Michael Stocker, one of the Labaton partners on the Bear Stearns case, described it as the “crown jewel” of litigation stemming from the credit crisis. But it wasn’t easy work for Stocker and partners Thomas Dubbs and James Johnson, all based in New York.
As lead firm for Michigan Retirement Systems, Labaton pored through millions of document pages and interviewed almost 100 Bear Stearns employees. Labaton’s deep knowledge of banking helped. “That requires a very high level of sophistication and understanding,” Stocker said. Labaton also secured a $19.9 million settlement with Bear Stearns’ auditor, Deloitte & Touche LLP. Paul, Weiss, Rifkind, Wharton & Garrison chairman Brad Karp, who represented Bear Stearns, declined to comment.

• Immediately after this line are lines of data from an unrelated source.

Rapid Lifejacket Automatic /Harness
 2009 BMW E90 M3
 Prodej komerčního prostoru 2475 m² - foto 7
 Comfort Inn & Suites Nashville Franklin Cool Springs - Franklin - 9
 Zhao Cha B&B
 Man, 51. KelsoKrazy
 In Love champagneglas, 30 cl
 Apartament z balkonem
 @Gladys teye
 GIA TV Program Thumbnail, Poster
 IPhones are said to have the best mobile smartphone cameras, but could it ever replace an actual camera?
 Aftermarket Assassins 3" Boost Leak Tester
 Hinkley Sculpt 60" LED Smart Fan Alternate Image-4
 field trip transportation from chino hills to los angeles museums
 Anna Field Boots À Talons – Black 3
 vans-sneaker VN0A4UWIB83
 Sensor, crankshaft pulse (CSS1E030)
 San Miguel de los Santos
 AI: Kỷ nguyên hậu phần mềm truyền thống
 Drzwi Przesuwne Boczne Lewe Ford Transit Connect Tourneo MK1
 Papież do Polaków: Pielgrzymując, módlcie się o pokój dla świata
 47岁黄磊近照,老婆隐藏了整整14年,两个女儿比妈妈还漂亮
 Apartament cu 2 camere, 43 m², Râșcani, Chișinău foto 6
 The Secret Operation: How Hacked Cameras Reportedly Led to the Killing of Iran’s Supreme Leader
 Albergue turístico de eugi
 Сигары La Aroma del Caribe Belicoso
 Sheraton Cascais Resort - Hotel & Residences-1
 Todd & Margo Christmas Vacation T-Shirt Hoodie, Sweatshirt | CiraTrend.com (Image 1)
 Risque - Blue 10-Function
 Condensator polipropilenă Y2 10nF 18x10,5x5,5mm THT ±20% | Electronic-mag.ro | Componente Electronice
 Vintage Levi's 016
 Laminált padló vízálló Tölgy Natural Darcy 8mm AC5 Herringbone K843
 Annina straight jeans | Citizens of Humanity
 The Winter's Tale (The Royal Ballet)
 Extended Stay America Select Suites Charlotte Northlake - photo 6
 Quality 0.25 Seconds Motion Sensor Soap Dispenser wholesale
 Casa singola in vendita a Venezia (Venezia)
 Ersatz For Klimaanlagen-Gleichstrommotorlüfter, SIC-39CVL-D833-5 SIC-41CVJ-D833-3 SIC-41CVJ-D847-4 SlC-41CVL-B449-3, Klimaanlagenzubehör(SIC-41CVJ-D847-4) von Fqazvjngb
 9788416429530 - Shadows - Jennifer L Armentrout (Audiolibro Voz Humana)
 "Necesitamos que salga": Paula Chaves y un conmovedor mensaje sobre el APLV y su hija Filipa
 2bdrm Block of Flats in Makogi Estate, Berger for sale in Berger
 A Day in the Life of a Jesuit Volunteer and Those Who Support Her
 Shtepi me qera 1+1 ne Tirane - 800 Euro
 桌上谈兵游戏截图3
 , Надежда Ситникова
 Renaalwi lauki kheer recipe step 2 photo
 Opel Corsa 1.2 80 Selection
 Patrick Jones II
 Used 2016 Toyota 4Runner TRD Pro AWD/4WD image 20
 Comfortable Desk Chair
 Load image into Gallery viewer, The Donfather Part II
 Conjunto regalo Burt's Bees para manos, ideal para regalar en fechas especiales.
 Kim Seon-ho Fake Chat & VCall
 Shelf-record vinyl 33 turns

Labaton also sat across the table from Paul Weiss in securing another nine-figure settlement. This time, it represented three Ohio public pension plans, and the settlement was for $725 million. The pension funds claimed that American International Group Inc. had engaged in accounting fraud and bid-rigging. Although the deal became public in 2010, a federal judge didn’t approve it until February.
Stocker, who also worked on the AIG matter, said the case was a “long battle” that included an enormous amount of discovery. Dubbs, as well as New York-based partners Martis Alex and Louis Gottlieb, also worked on the matter.
“It’s a huge accomplishment from a litigation perspective,” Stocker said.
There are inevitable setbacks. Since 2005, courts have dismissed 21 percent of the securities cases Labaton brought, according to the firm, against an average dismissal rate that’s approached 50 percent for such claims in recent years. In one case brought against BankAtlantic Bancorp Inc. (now known as BBX Capital Corp.) over alleged securities fraud, a federal court in Miami in 2011 vacated a jury’s verdict in favor of Labaton’s client, State-Boston Retirement System. The firm is appealing the decision.
“Sometimes we win. Sometimes we lose,” Stocker said. “Unless you take on those hard cases, you’ll be letting down your clients somehow.”